### Task material
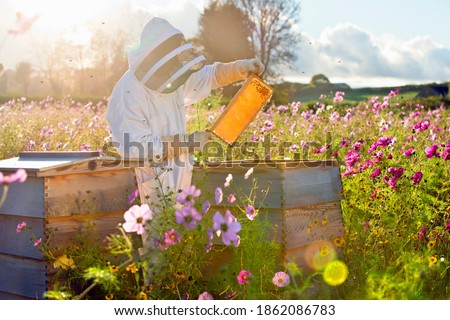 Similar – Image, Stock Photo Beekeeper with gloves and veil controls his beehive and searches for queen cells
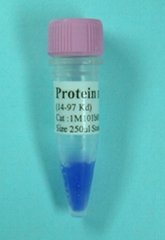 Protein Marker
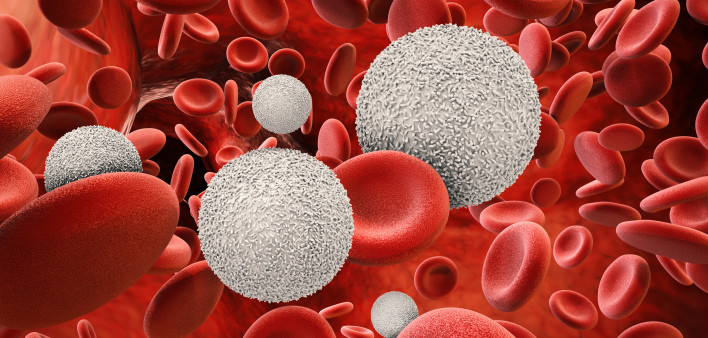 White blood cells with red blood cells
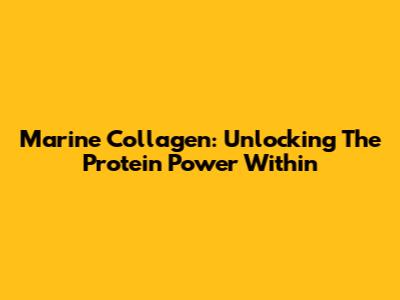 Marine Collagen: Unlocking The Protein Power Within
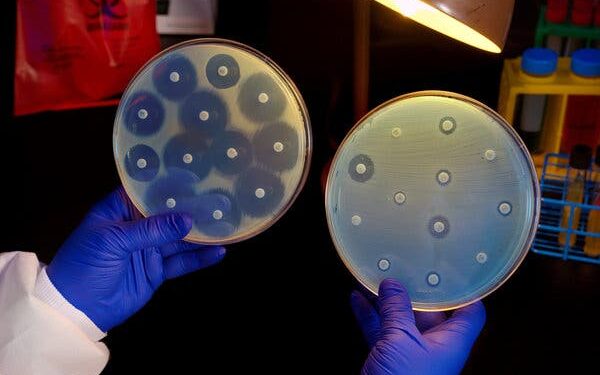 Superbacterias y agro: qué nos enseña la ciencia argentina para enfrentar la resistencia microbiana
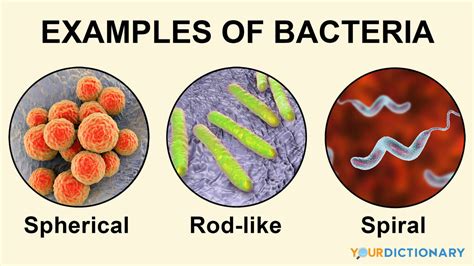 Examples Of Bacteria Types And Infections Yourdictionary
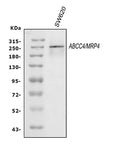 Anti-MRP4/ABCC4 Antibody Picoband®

### Work order
All of the lines above must be printed again exactly, and no picture may appear in the copy.

### Answer for this exercise
 Similar – Image, Stock Photo Beekeeper with gloves and veil controls his beehive and searches for queen cells
 Protein Marker
 White blood cells with red blood cells
 Marine Collagen: Unlocking The Protein Power Within
 Superbacterias y agro: qué nos enseña la ciencia argentina para enfrentar la resistencia microbiana
 Examples Of Bacteria Types And Infections Yourdictionary
 Anti-MRP4/ABCC4 Antibody Picoband®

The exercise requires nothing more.